Das tolle an Drag Me to Hell ist aber, dass Raimi nicht nur lustige Ekelszenen und einige intensive Schockmomente zeigt, sondern auch auf die Atmosphäre des Films achtet, die in manchen Szenen wirklich ein klassisches Horrofilmflair versprühen und dem Film hin und wieder etwas Ernst und wirklich eine sehr spannende und einfach gruselige Atmosphäre verleit. Das harmoniert dann sogar noch exzellent mit den lustigen Teilen des Films, wodurch Drag Me to Hell auf eine gewisse Weiße etwas einzigartig und untypisch wirkt. Gefördert wird das noch durch den leisen und schaurigen Score von Christopher Young, aus dem man zwar etwas mehr rausholen hätte können, aber zumindest als Untermalung sehr gut funktioniert und einen erheblichen Teil zur schon erwähnten Atmosphäre beiträgt, zum anderen durch die tolle Kameraarbeit, in der öfters in mehreren Einstellungen an Alison Lohmans gesicht heranzoomt -- und ZACK!! schon kommt ein Schockmoment ... oder auch nicht, trotzdem gut gemacht.

Zu bemängeln gibt es aber auch etwas, denn Drag Me to Hell ist (leider) nicht ganz perfekt: Inhaltlich ist der Film nämlich ziemlich schwach und bietet einige Logiklöcher, die einem beim näheren betrachten schon stören dürften. Die Story bietet außerdem auch nicht arg viel neues: Fluch, drei Tage um sich zu retten und dazwischen halt einige Visonen, das ist wahrlich nichts neues und dürften Hardcore-Genrefans schnell langweilen, auch die CG-Effekte sind nicht auf dem neusten Stand, was aufgrund deren sehr seltenen Präsenz aber überhaupt nicht stört. Letztendlich reist es dann eben Alison Lohmans tolle Performance und die geniale Atmosphäre raus, die einen beinahe vergessen lassen, dass der Film storytechnisch mal überhaupt nichts neues bietet. Schlussendlich sei dann noch der Showdown erwähnt, der wirklich perfekt inszeniert ist, nochmal so richtig auf die Kacke haut und Aufgrund der typisch Raimischen-Machart überzeugt wie sonst was. Da kommt nicht mal die "Beschwörungszene" ran, die mit ihrer Abgedrehtheit und der musikalischen Untermalung auch sehr genial ist. Der eigentliche Klimax findet dann ca. 2 Minuten vor dem Abspann statt und dann denkt man sich: Irgendwie war das Ende mal total logisch, doch dran gedacht hat dann irgendwie doch keiner.

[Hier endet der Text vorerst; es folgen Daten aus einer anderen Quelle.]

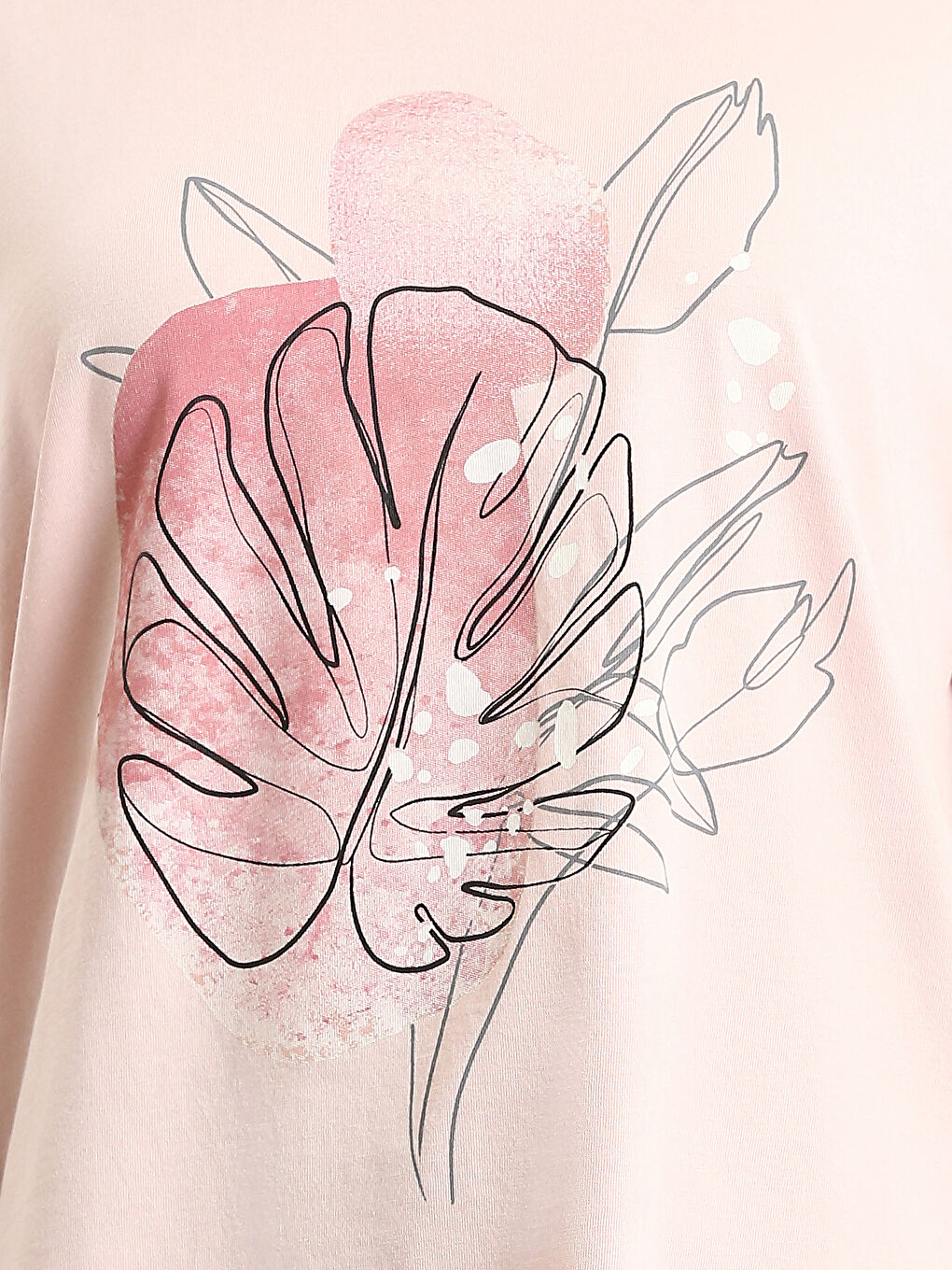 T-shirt à manches courtes imprimé à col rond pour femmes-4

Fazit: Drag Me to Hell ist ein runder Film, der zwar nicht ganz perfekt ist, aber durchaus mit Atmosphäre, Humor, Inszenierung und Besetzung punkten kann. Ein Film für Sam Raimi-Fans, Liebhaber von altmodischem Horror á la Hammer Studios und denen, die antstatt der tausendsten Leichenschändung eines alten Genrestreifens und nicht aufhören wollender Blutfontänen auch mal wieder einen richtigen Oldschool-Horrofilm sehen wollen. Meiner meinung nach, der beste (Kino)-Horrofilm der letzten Jahre.